In Limburg hebben de burgemeesters samen één front gevormd. Geen enkele gemeente durft het als eenling aan buitenlanders weer toe te staan. Men vreest dan te worden overspoeld. Op een eenvoudige manier kan deze vrees door de coffeeshophouders worden weggenomen. Hoe? Door samen één front te vormen en allemaal weer de deuren te openen voor buitenlanders. Terug naar de situatie zoals deze was voor 1 mei 2012.

Zijn daar risico’s aan verbonden? Ja, zeker! De burgemeester kan zijn tanden laten zien en handhaven in de vorm van een tijdelijke sluiting van de coffeeshop die de regels overtreedt.

De burgemeester die daarvoor kiest, moet zich bewust zijn van de hoge eisen die de rechter in Maastricht aan zijn besluit stelt. Dat gegeven leidt ertoe, dat de burgemeester die handhaving overweegt daarover goed moet nadenken [4].
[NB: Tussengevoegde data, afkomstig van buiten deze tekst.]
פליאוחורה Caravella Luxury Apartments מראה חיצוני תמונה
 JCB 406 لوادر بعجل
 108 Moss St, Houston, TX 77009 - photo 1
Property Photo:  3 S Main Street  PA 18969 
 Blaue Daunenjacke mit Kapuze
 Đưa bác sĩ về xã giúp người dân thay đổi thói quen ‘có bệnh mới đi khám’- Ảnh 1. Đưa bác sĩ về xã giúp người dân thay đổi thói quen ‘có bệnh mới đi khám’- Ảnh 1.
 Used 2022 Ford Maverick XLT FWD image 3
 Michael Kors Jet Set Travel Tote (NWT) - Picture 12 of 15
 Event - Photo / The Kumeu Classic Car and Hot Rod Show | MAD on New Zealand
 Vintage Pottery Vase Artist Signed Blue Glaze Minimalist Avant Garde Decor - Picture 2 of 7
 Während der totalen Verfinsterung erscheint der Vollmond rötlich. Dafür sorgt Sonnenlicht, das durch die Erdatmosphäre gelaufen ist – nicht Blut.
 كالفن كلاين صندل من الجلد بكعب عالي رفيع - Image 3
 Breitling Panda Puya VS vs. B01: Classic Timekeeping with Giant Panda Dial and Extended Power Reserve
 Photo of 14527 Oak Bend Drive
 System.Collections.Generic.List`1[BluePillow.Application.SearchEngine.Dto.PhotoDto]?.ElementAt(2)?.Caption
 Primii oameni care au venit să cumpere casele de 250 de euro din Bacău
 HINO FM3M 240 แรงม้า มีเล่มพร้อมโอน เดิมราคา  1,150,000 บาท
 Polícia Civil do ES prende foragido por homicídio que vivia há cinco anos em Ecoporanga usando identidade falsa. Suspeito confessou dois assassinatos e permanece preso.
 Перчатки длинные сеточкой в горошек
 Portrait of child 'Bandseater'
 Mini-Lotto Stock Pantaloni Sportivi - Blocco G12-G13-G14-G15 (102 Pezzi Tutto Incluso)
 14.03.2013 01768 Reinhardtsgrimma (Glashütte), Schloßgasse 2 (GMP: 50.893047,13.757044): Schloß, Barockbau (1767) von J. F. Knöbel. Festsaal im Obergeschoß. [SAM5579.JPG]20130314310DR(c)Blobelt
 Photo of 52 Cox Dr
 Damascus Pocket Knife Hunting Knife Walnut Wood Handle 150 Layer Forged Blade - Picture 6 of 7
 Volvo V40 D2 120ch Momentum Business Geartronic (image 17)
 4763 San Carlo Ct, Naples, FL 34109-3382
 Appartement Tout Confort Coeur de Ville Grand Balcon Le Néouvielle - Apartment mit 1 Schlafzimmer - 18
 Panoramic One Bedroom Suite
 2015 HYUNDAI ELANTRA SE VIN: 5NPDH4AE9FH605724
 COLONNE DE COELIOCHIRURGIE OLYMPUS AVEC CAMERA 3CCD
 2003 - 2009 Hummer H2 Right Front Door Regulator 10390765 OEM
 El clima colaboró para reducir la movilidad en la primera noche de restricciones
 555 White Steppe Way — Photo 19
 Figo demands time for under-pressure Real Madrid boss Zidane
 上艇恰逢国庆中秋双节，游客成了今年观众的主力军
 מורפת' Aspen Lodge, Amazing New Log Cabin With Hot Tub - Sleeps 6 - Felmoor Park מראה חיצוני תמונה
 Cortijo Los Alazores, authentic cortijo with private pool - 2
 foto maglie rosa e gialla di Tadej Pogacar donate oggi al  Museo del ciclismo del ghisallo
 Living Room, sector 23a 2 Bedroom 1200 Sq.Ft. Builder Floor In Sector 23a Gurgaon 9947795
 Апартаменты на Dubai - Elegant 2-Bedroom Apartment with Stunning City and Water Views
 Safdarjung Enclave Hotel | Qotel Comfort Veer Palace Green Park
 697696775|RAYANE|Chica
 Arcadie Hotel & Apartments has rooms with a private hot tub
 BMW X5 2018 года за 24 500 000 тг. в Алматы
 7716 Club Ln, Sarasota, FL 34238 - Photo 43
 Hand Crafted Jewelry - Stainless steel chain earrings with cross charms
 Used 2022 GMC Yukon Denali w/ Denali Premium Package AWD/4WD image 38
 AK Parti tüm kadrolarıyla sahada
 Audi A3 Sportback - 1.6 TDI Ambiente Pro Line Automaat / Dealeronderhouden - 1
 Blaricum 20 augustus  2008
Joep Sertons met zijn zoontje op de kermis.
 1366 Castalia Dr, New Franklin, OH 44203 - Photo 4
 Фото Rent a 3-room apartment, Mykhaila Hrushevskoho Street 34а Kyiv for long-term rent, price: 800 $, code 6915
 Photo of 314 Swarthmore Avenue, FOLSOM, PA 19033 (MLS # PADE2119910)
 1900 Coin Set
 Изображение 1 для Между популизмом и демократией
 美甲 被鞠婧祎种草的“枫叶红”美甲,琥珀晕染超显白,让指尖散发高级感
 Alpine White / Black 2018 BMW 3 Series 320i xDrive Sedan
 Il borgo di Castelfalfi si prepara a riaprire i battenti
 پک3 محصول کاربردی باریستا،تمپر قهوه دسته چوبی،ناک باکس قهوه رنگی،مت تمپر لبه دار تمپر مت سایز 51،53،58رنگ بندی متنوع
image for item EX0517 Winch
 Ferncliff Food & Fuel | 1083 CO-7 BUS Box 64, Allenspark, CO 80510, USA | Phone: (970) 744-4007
Als de coffeeshophouders in Zeeland, Brabant en Limburg samen één front vormen, staan ze veel sterker. Dan zou ook onder de grote rivieren een snel einde komen aan de wietpas.

André Beckers
Advocaat te Sittard

Noten:
1: www.rechtspraak.nl : LJN: BZ8548, Rechtbank Maastricht , AWB 12/1516
2: Dit is het op art. 13b van de Opiumwet gebaseerde Damoclesbeleid.
3: LJN: BY8753, Rechtbank Breda , 12/4648.
4: De rechtbank Maastricht dacht zo’n 20 weken na over de uitspraak!